Помню, как в маленьком кабинетике московской квартиры Алексея Максимовича я с трудом осмелилась сознаться ему в том, что собираюсь писать роман о жизни Маркса.
Он поглядел на меня с удивлением, недоверчиво покачал седеющей, остриженной «под бобрик» головой, о чем-то задумался, а потом лукаво улыбнулся. Улыбка у него была прекрасная, делавшая лицо особенно привлекательным.
— Очень хорошо, если получится. Однако трудненько такую глыбищу поднять. А важно и нужно. Помните одно: следует так писать о Марксе и Ленине, чтобы за мрамором памятников во всем величии вставали живые люди, — сказал мне Горький.
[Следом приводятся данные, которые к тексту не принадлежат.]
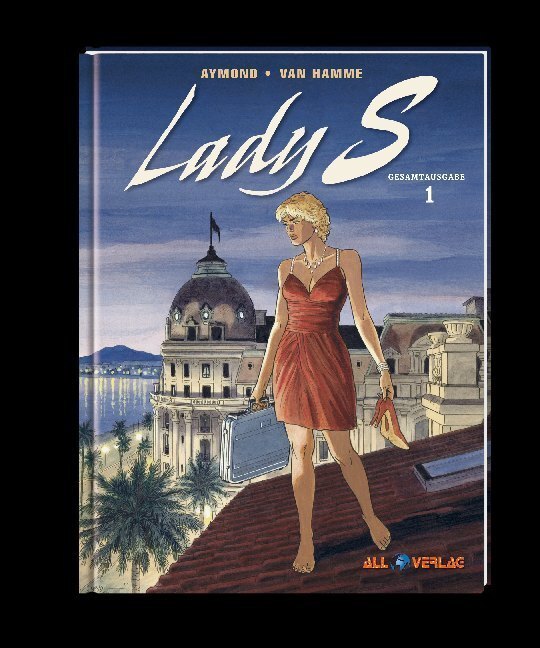 Cover: 9783946522560 | Lady S. Gesamtausgabe. Bd.1 | Jean van Hamme (u. a.) | Buch | 240 S.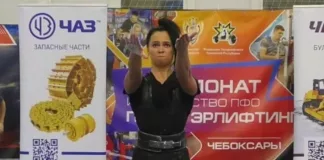 Девять медалей с чемпионата и первенства ПФО по пауэрлифтингу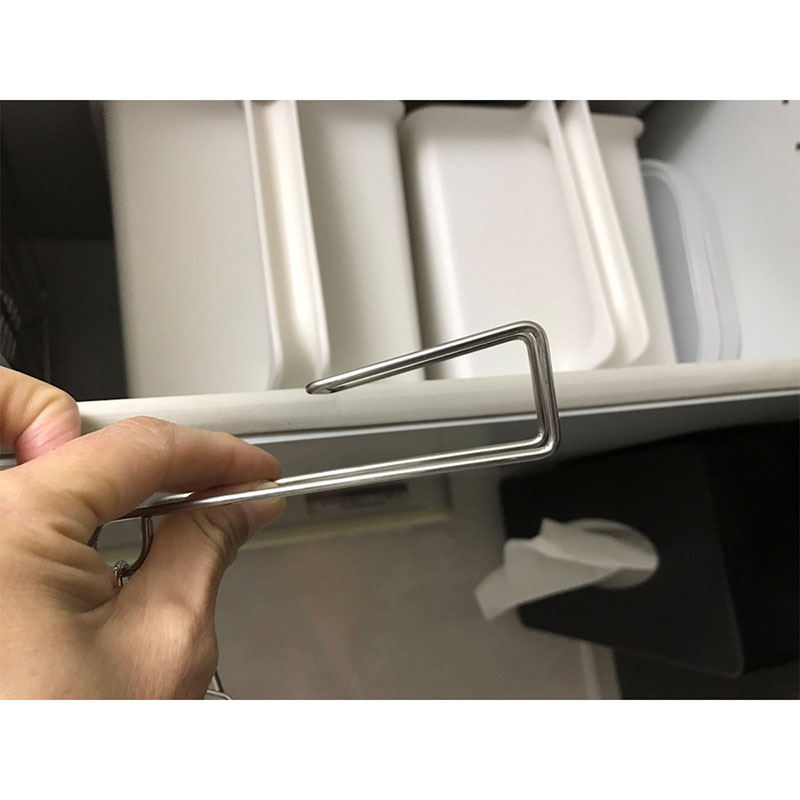 Móc kẹp vật dụng nhà bếp  thương hiệu ELUO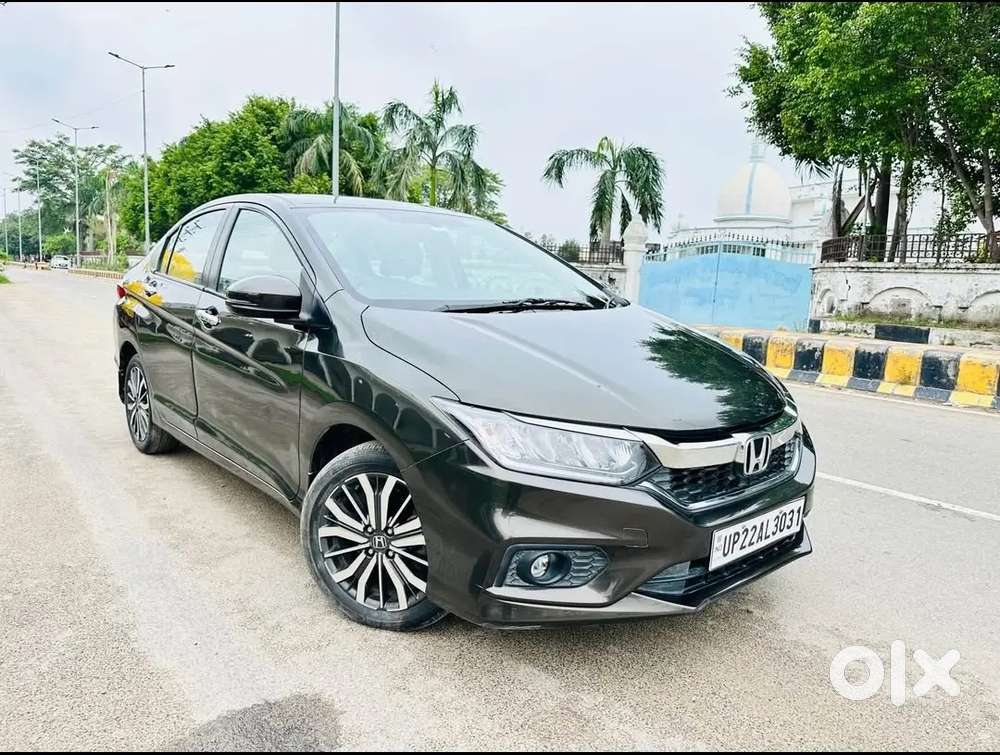 Honda City 2019 Diesel Well Maintained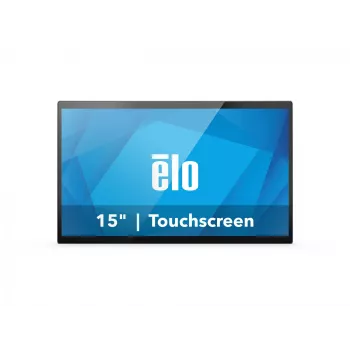 Elo 1504LS , 38,1cm (15''), projicētā kapacitīvā, 10 TP, Full HD, USB-C, komplekts, pelēks skārienjutīgais monitors, Displeja diagonāle: 38,1 cm (15''), projicētā kapacitīvā, 10 punktu, 1920x1080 pikseļi,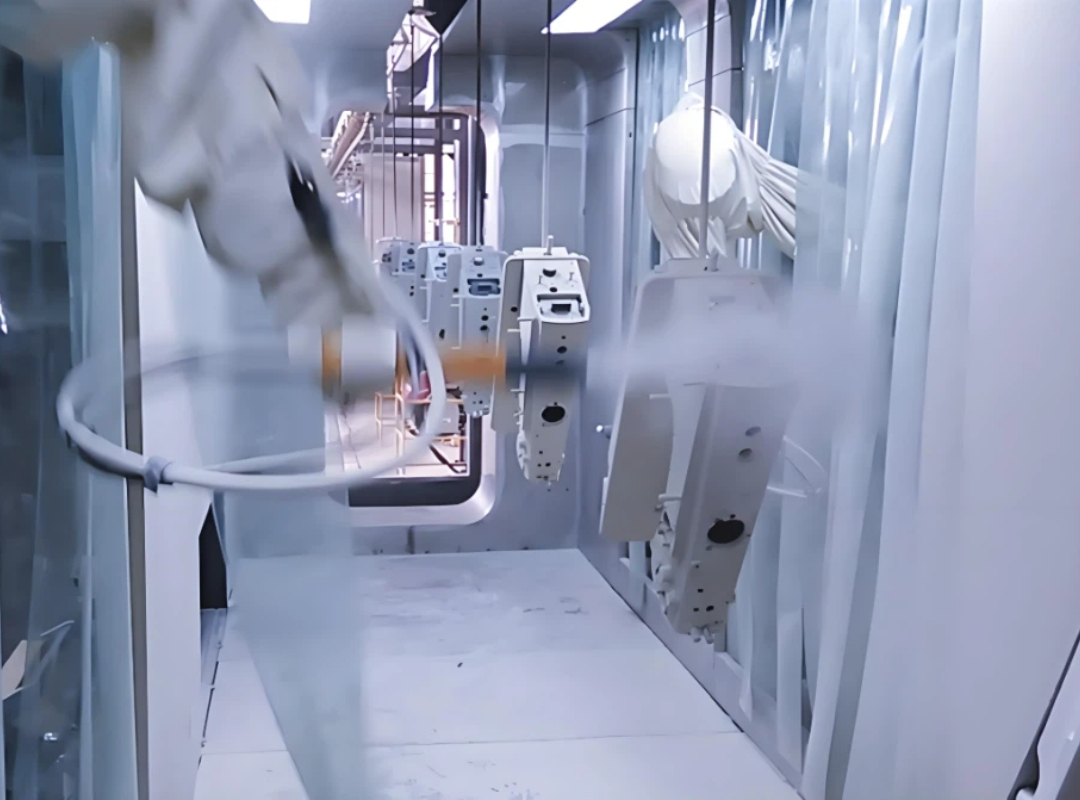 Industrial Spraying Technology: Common Defects and Solutions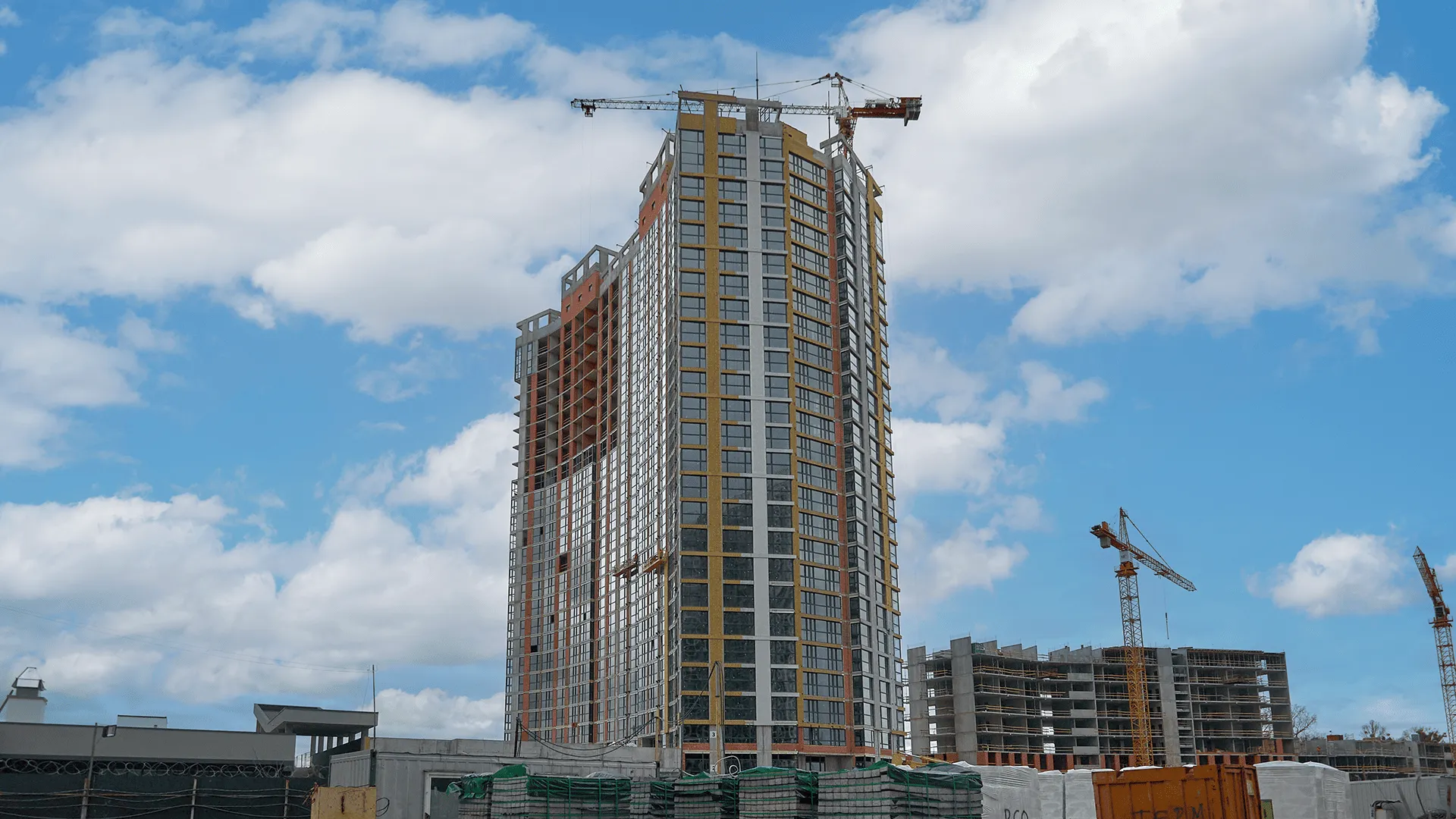 ЖК Русанівська Гавань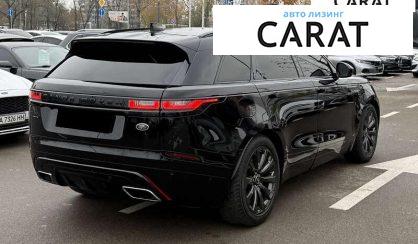 Land Rover Range Rover Velar 2019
Позже в одном аз писем ко мне А. М. Горький писал:
«Я бы очень советовал писать проще, не очень часто прибегая к обычным приемам беллетристов, которые полагают, что искусно подобранные, красиво построенные слова — большое дело, и не чувствуют, что весьма часто этот прием — прямой ущерб пластичности, выпуклости изображения.
Писать просто не значит писать сухо. Наш читатель не так опытен, чтобы любоваться формой. Он, прежде всего, ищет педагогического содержания в книге. Не бойтесь деталей, они крайне положительны, хорошо схватываются читателем и усваиваются им».
В 1932 году я снова поехала в Лондон и начала искать все, что рассказало бы мне о Карле Марксе. Я побывала во всех еще сохранившихся домах, где он жил в годы изгнания. Много раз посещала читальню Британского музея. Там часто с девяти часов утра до семи вечера работал Маркс над «Капиталом» и другими произведениями. Постоянные посетители имели строго определенные места. Маркс сидел за пятым столом направо от входа, примыкавшим непосредственно к стендам со справочниками. Стол этот был обозначен буквой «С» и «№ 7».
Писатель, пишущий об ушедшем времени, всегда также разведчик истории. Я собирала подчас едва ощутимые песчинки, чтобы с их помощью воссоздать прошлое. Только прикоснувшись к вещам, уже отслужившим, и вдохнув воздух, которым некогда дышали герои книги, можно попытаться донести до читателя дух минувших лет. Не раз наклонялась я над пюпитром, за которым в Британском музее работал Маркс под мерцающей лампой с зеленым абажуром.
Много часов провела я в раздумье на кладбище Хайгейт, у могилы, где Маркс похоронил жену и спустя пятнадцать месяцев был похоронен сам.
Мне представилась возможность побывать не только в Англии. Работая над первой книгой, которую я ограничила двадцатью шестью годами жизни гения и решила назвать «Юностью Маркса», я посетила Германию, Голландию, Бельгию, Францию, Италию и Швейцарию.
Живописный, затерянный в невысоких горах городок Трир, быт которого не менялся десятилетиями, раскрыл передо мною дни детства и юности Маркса. На узенькой Брюккенгассе отыскала я серый двухэтажный дом, где родился Маркс.